I picked up what I think is a lionhead last night. I want to have confirmation, however I can't post any pictures since I'm a new member. Any suggestions?


----------



## ksalvagno (Mar 8, 2011)

You just have to post over 10 times.


----------



## midwestchickenwrangler (Mar 8, 2011)

Ok thanks.


----------



## samanthaj (Mar 8, 2011)

just keeping posting,i think even replies count! thats what i did when i was new!!


----------



## dewey (Mar 8, 2011)

Yep  they count.  You could also go to tinypic, upload the photo from your computer, then post just the tinypic link to it here, where we can click on it and see your new bun.


----------



## midwestchickenwrangler (Mar 8, 2011)

I used tinypic. Can anyone confirm that he is a lionhead? And what color?

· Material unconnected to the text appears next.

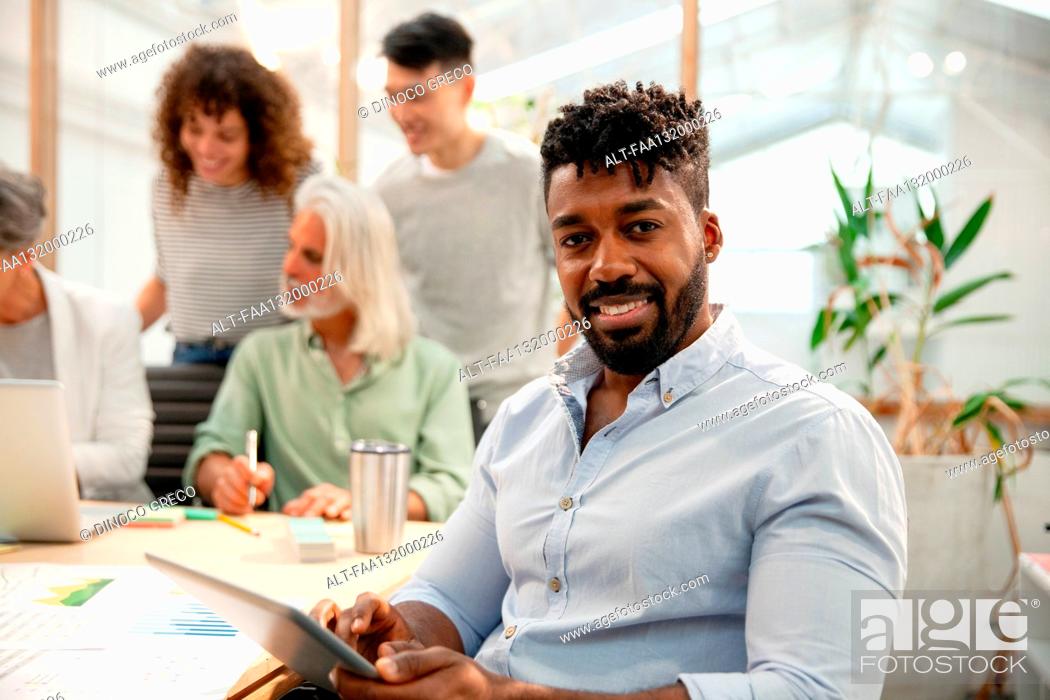 Photo de stock: African American businessman using digital tablet while looking at the camera.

http://i51.tinypic.com/28a8htc.jpg


----------



## dipence71 (Mar 8, 2011)

looks like a lion head to me but I'm no expert


----------



## norcal (Mar 8, 2011)

How adorable.      teehee


----------



## michelle43 (Mar 8, 2011)

Cute!


----------



## dbunni (Mar 9, 2011)

dipence71 said:
			
		

> looks like a lion head to me but I'm no expert


  Yep ... Lionhead ... pet quality, but definately LH.  Cute baby!


----------



## Bunnylady (Mar 9, 2011)

Yep, Liohead. Siamese Sable.


----------